A crooner, comedian, and entertainer extraordinaire

Rock King ’45
Courtesy Patricia King

SEPT. 21, 1923–FEB. 26, 2016

“Hey farmer! Where does this road go?”

“It doesn’t go anywhere, it just sits there!”

For 54 summers, Philo Rockwell “Rock” King ’45 treated Cape Cod cabaret audiences to jokes like that, and they adored him for it. An accomplished comedian, singer, and piano player, King was a mainstay at the Sand Bar in West Dennis, Mass.; locals and vacationers alike would flock there after dinner to see King perform a mix of boogie-woogie piano songs, show tunes, and stand-up comedy in his hilarious way.
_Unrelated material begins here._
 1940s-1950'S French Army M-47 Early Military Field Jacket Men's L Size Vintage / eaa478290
“You don’t see entertainers like this anymore,” says Greg Stone, former owner of the Sand Bar. “You never see anybody who can read the crowd and give them the variety of entertainment that Rock gave. You have stand-up comics, and you have musicians, but you don’t see anybody doing [what King did].” 

King began his musical-comedy career as a member of the Triangle Club. Warren Eginton ’45 remembers visiting Elm Club with classmates to hear King play piano and sing. “From the very start of our freshman year, he was interested in performing,” remembers Eginton. “And boy, he did perform for us.” 
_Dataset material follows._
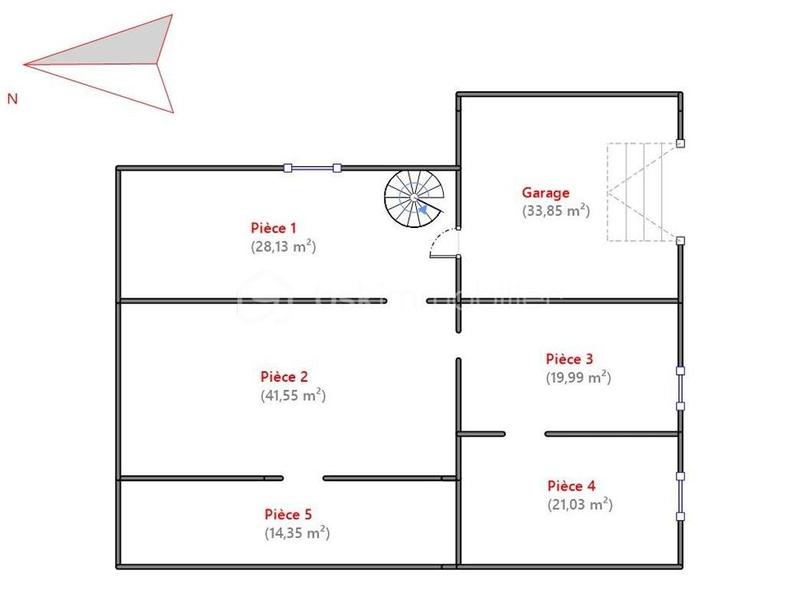 Villa - 260 m² - 7 pièces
After Army service and graduation, King took his cabaret show on the road. He became a winter staple for the ski crowd at Sister Kate’s in Stowe, Vt., of which he was a partial owner. During the summers, King put on two shows a night, six nights a week at the Sand Bar, where he became famous for the way he could command the crowd’s attention — sometimes even shining a flashlight in the faces of those who talked during his set. 

He had an unusual ability to adapt to the audience and switch his repertoire at a moment’s notice, says his wife, Patricia. “Sometimes between shows or sets, people would ask him, ‘Do you know this song? Would you please play it during the next set?’ And most likely, he would,” she says.
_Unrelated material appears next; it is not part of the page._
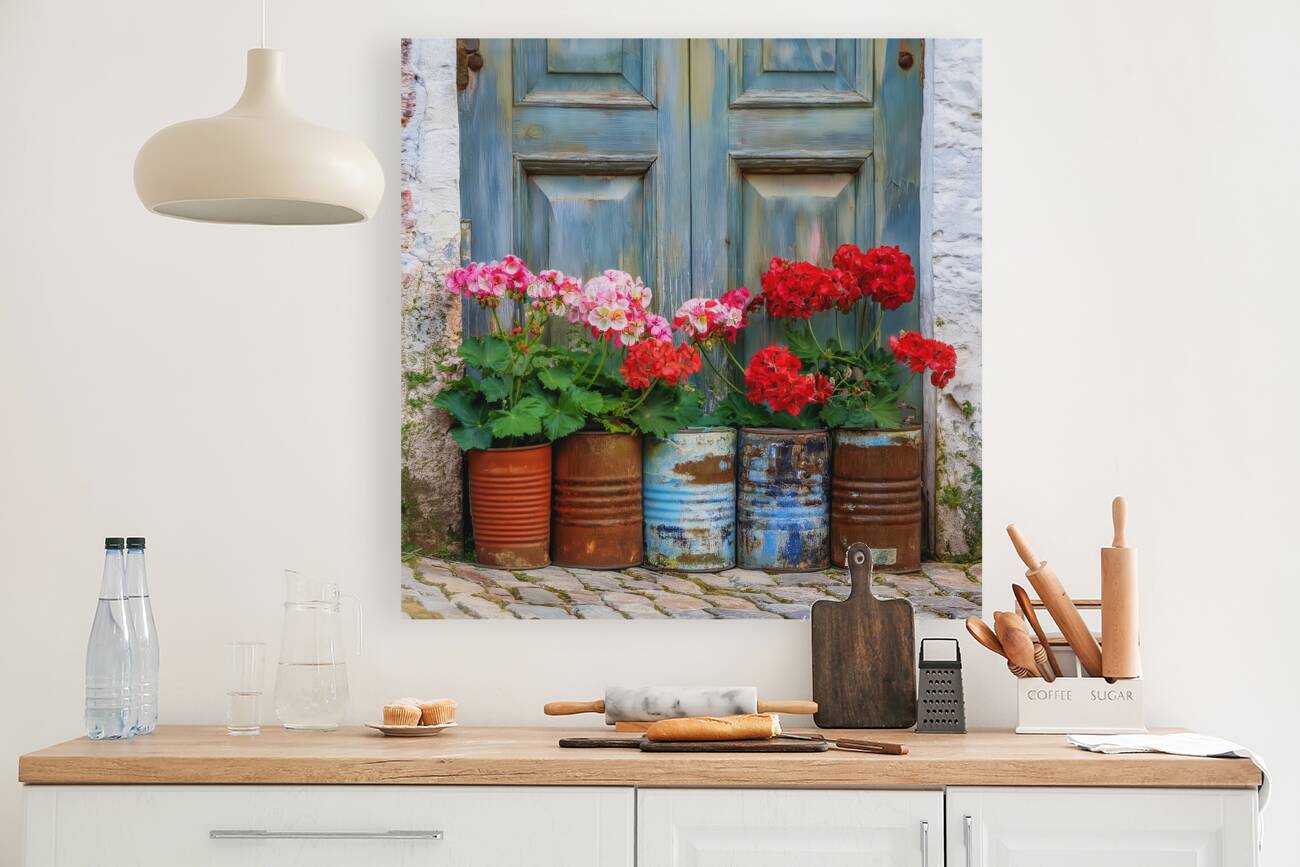 GERRIES IN RUSTY CANS Reproduction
King was a regular act at Princeton Reunions for a number of years, performing at the Class of 1945 tent and for other classes celebrating major reunions. While he was known for his gregarious onstage persona, he had a quiet side and spent much of his time working on projects around the house. He loved golf, skiing, animals, and spending time with his wife, stepdaughter, and grandchildren. He had a passion for perfecting his craft, practicing the piano almost every day and trying out new jokes at the breakfast table.

“I am filled with awe and admiration for the accomplishments of my classmates; still, I have never regretted my career decision, as offbeat as it is,” King wrote in 1945’s 50th-reunion book. “I’ve got my golf, my skiing, my songs, my laughs, my health, my fireside cocktails with my wife and stepdaughter, and there isn’t a soul I’ve ever known in whose shoes I would rather be.” 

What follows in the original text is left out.